(Captioned web images)
========================================

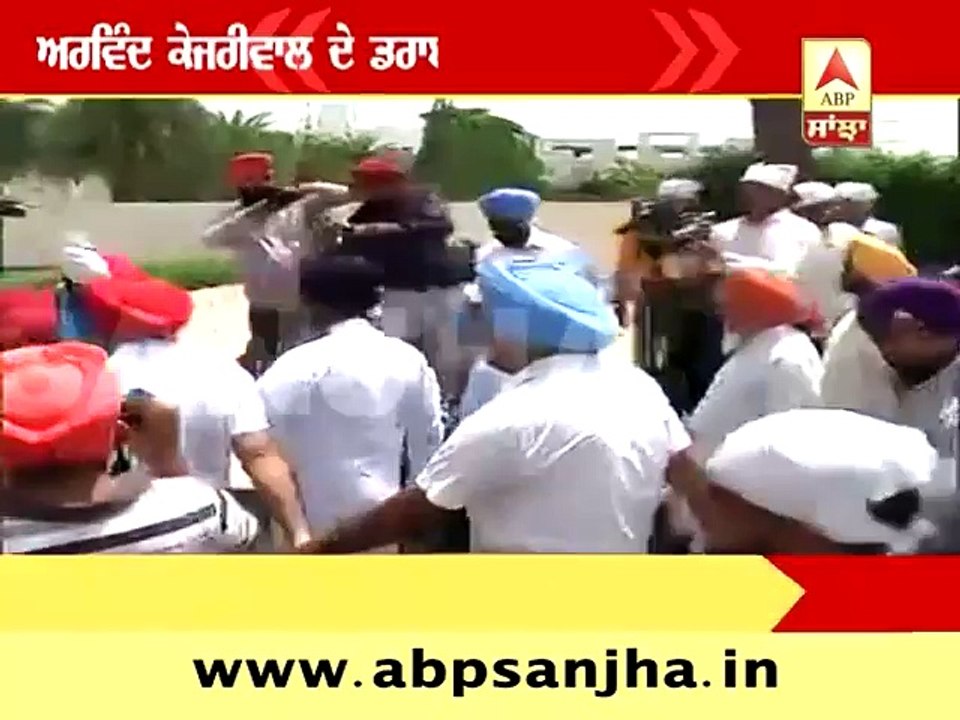 Case registered against driver of Arvind Kejriwal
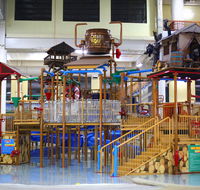 Great Wolf Lodge Bloomington - Accommodation Ohio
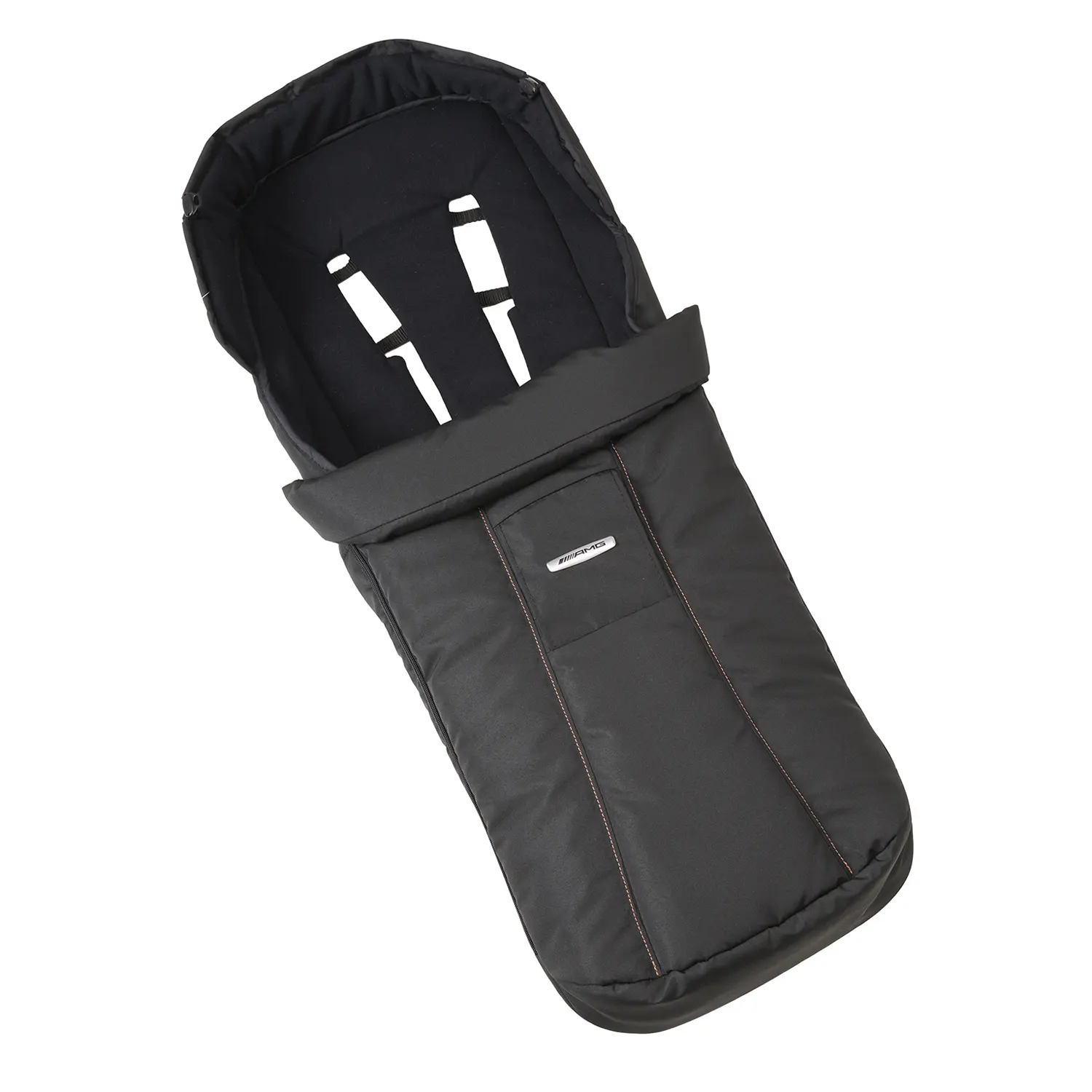 hartan amg gt2 fusack sienabraun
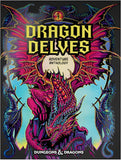 D&D 5E BOOK DRAGON DELVES HC ALT COVER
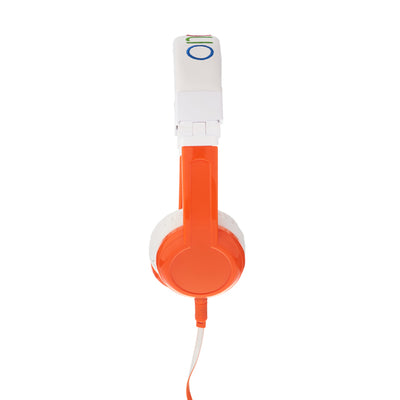 【アウトレット・旧パッケージ】BuddyPhones Explore Foldable Orange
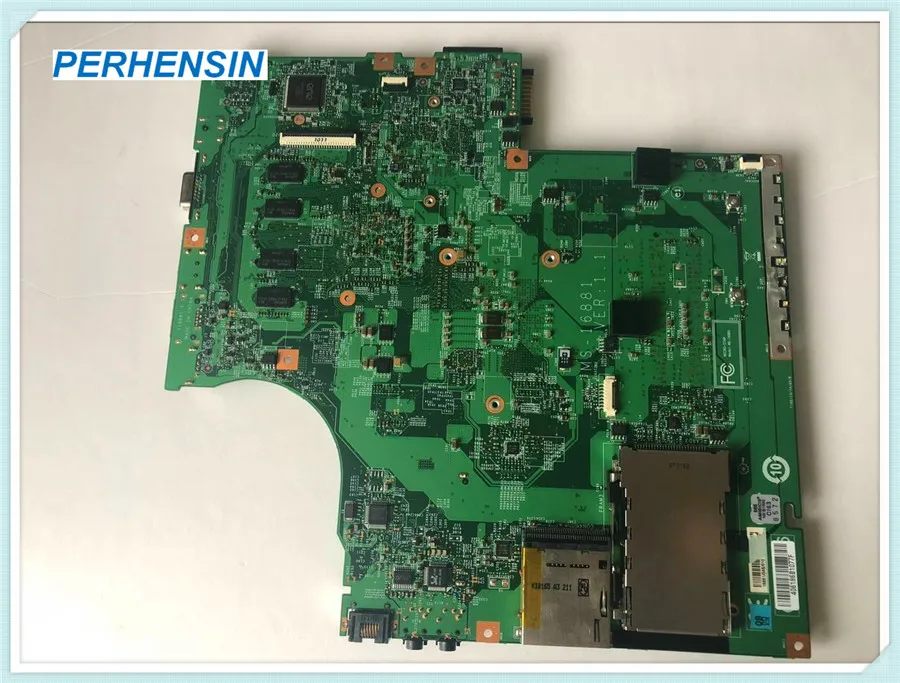 

Original FOR MSI CX620 MS-16881 LAPTOP MOTHERBOARD 100% Work Perfectly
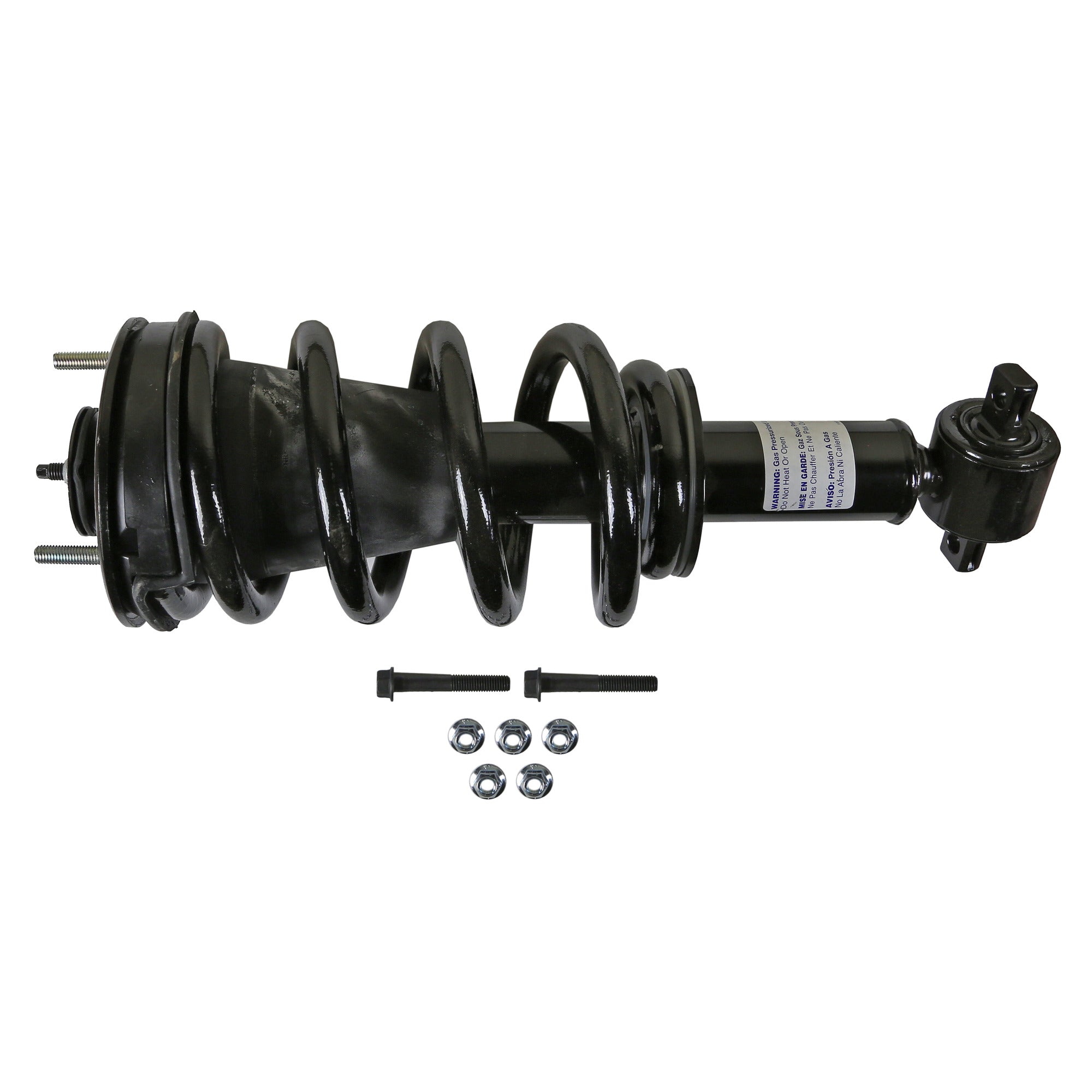 Monroe 183107 Front Quick-Strut Complete Strut Assembly Chevrolet Silverado 1500, GMC Sierra 1500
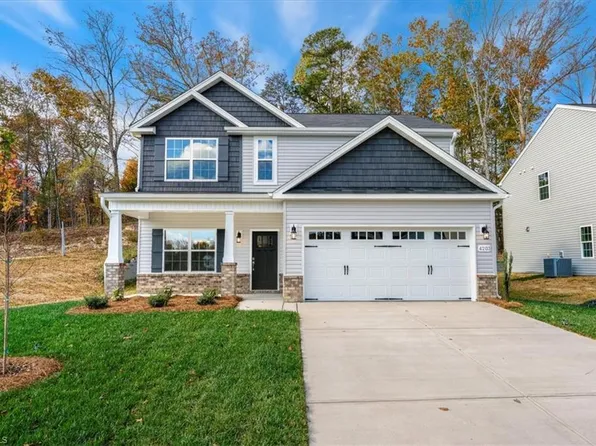 4203 Canter Creek Ln Lot 8, High Point, NC 27262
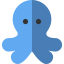 Octopus icon 64x64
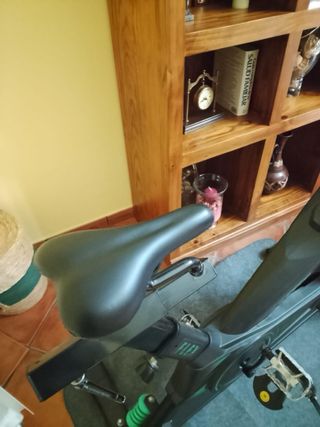 Bicicleta Estática Cecotec FIT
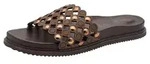 Tamaris Comfort Damen Mule Flat Mocca 36 - Braun - 36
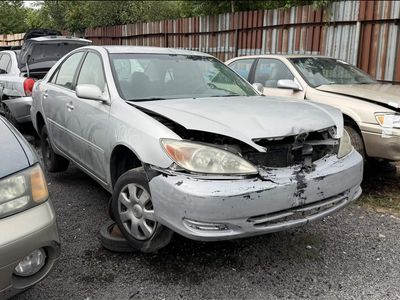 Just In! 2002 Toyota Camry Parts - UTPAP Ogden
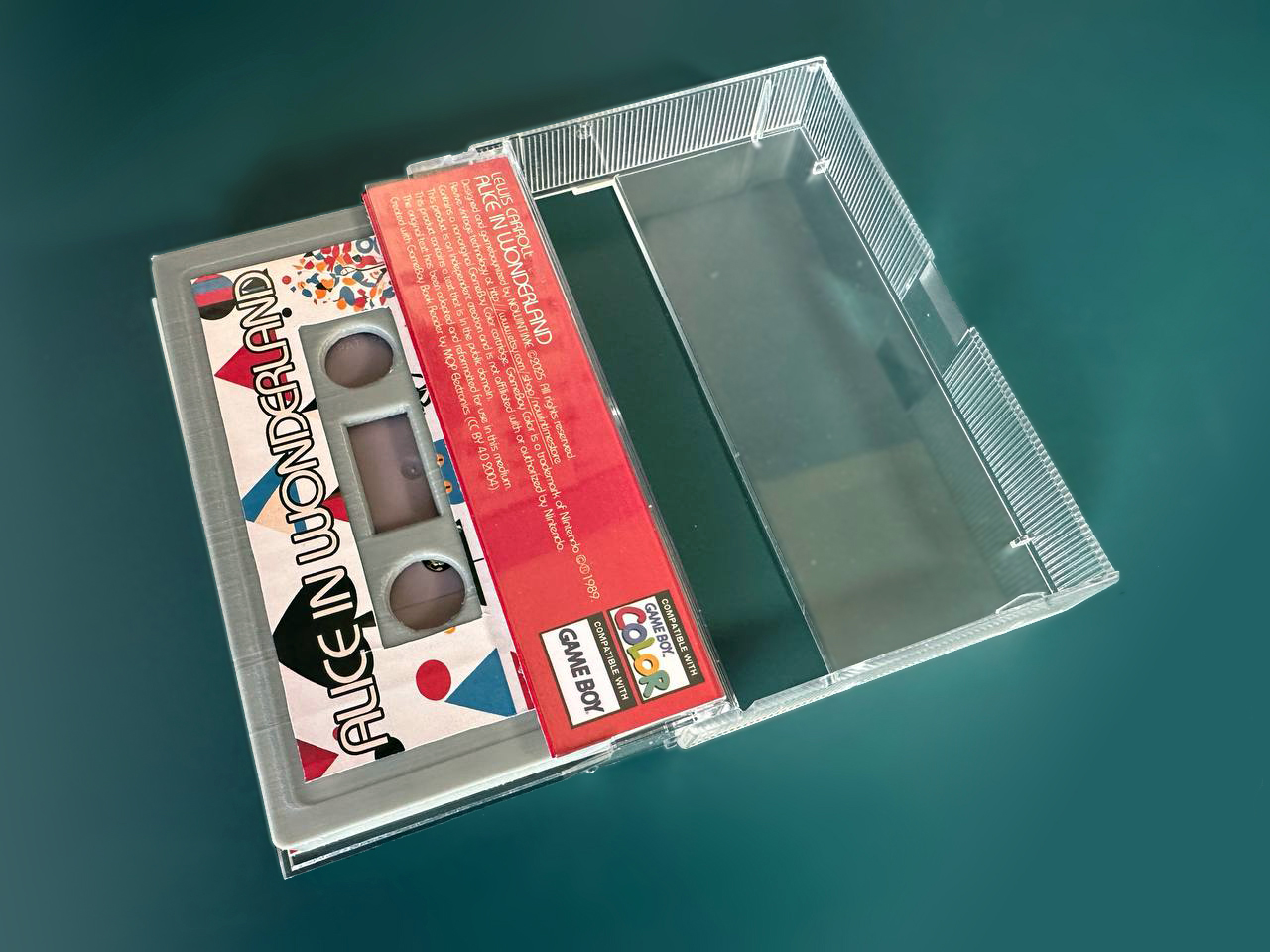 custom game boy cartridge with books and literature classics – perfect gift for retro gamers and book lovers – multiple languages custom game boy cartridge with books and literature classics – perfect gift for retro gamers and book lovers – multiple languages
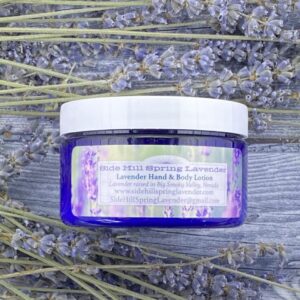 Product image of  Lavender Hand & Body Lotion – 4 oz.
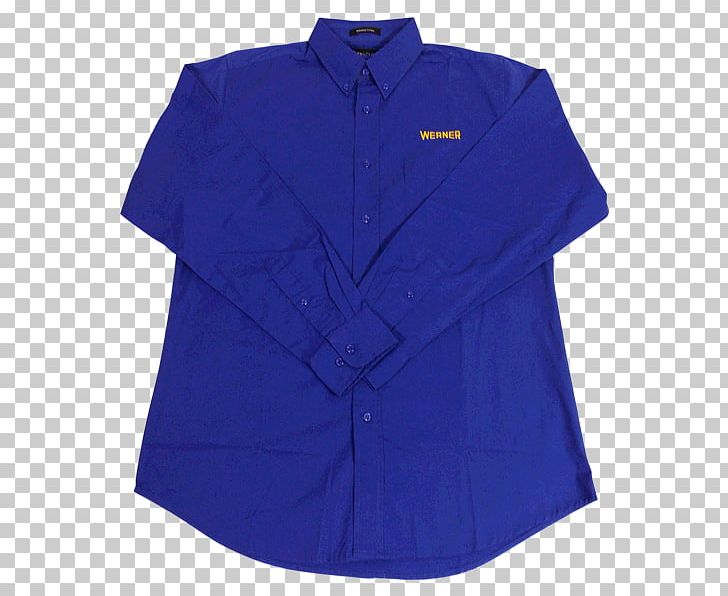 Electric Blue Cobalt Blue Shirt Sleeve PNG, Clipart, Active Shirt, Barnes Noble, Blouse, Blue, Button Free PNG Download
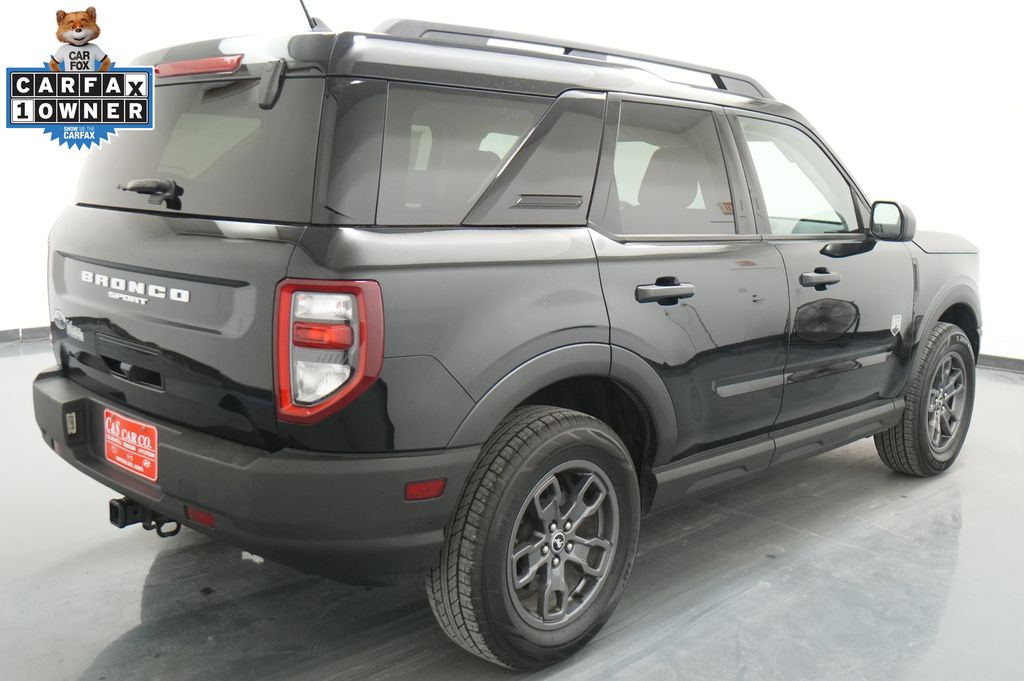 2022 Ford Bronco Sport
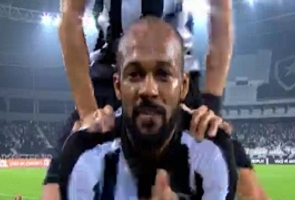 Brasileiro 2017 Série a - Botafogo 1 X 0 Bahia-ba - 3ª Rodada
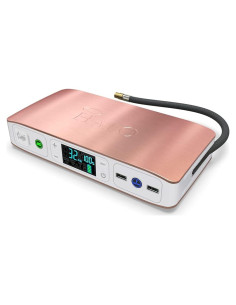 HALO Bolt Air 58830 mWh Arrancador y Compresor - Oro Rosa
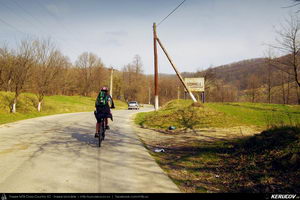 Trasee cu bicicleta MTB XC - Traseu MTB Ploiesti - Cosminele - Brebu - Pietriceaua - Zamfira - Ploiesti de Andrei Vocurek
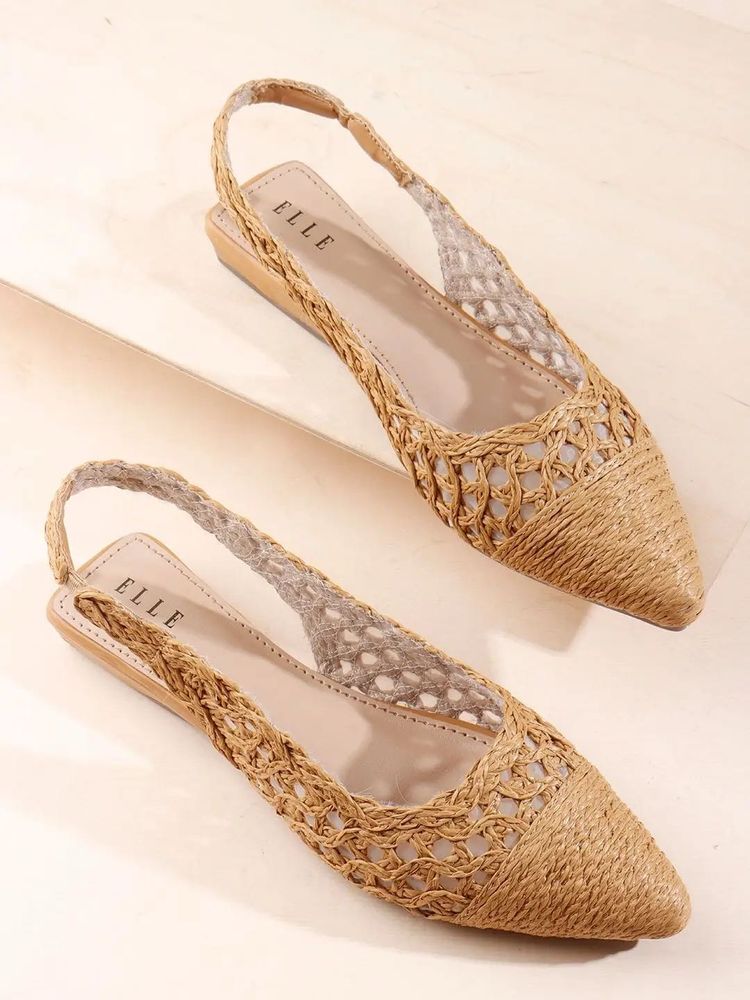 Elle Party Kitten Sandals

========================================

◆ DESCRIPTION OF THE TASK:
Exactly the lines above from the one that contains "4203 Canter Creek" down to the one that contains "Just In! 2002" are to be output, both ends kept and pictures omitted.

◆ ANSWER BOX:
 4203 Canter Creek Ln Lot 8, High Point, NC 27262
 Octopus icon 64x64
 Bicicleta Estática Cecotec FIT
 Tamaris Comfort Damen Mule Flat Mocca 36 - Braun - 36
 Just In! 2002 Toyota Camry Parts - UTPAP Ogden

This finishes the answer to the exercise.